Flash 3D Water Simulation

This project demonstrates a simple 3D water simulation written in Flash, using ActionScript 3, Flare3D, and PixelBender. Originally, it was developed as the technical test for an interview. It was a very interesting project to create, as the limitations of Flash in terms of functionality made for some intriguing solutions. The shader for the water is completely overkill for what was required, but it was fun to keep throwing new features at it. If you want to know how it works, the source code is available on GitHub and BitBucket.

You can try it out for yourself, if you so please, but do be warned that performance was not a concern with this project. Dragging the left mouse button on its own will rotate the camera, and scrolling the mouse wheel will zoom in and out. Pressing CTRL will toggle a rain effect. Pressing spacebar will toggle the ability to draw in the water with your mouse. From my experience, certain browsers dislike this and lag a lot, whereas others run very smooth, so your mileage may vary depending on your current browser.

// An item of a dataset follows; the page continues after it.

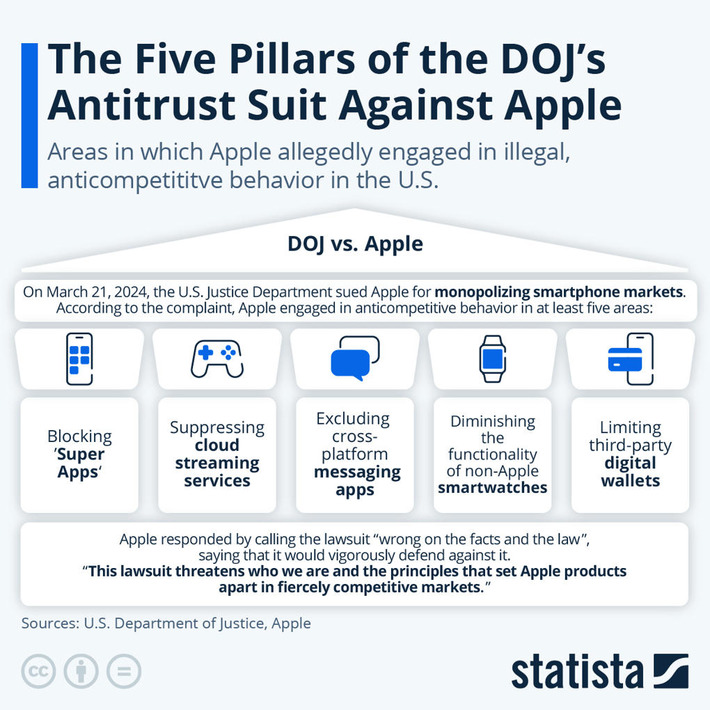 Chart: The Five Pillars of the DOJ's Antitrust Suit Against Apple | Statista | Technology Report - Changing Our World | Scoop.it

Unfortunately, Flash doesn't support floating point textures, so everything had to be stored per vertex. Due to limitations in how (I think that) Flare3D works, custom vertex data can be assigned to a Surface3D on top of a mesh (such as a Plane, as is used in this simulation). Due to either a bug or misunderstanding, only a single piece of additional data could be added to each vertex, with a maximum of four components. With that in mind, I added a single color channel to each vertex; in other words, each vertex had X, Y, Z, and W components in a Surface3D in addition to its usual XYZ. Using PixelBender, the vertex data is sent into various shaders, such as simulation update, normals update, and water droplets (which is used when the mouse is moved to disturb the surface, and also for rain). The four components mentioned earlier represent the height, velocity, normal X, and normal Z respectively. In the final shader, the complete normal is recomputed from the Z and W components of the vertex color (normal X and normal Z), and the position of each vertex is offset by its corresponding height. The shader also includes blended normal maps, specular highlights, diffuse lighting, sunlight simulation, cubemap reflection, scene reflection and refraction, wave colors, and foam colors.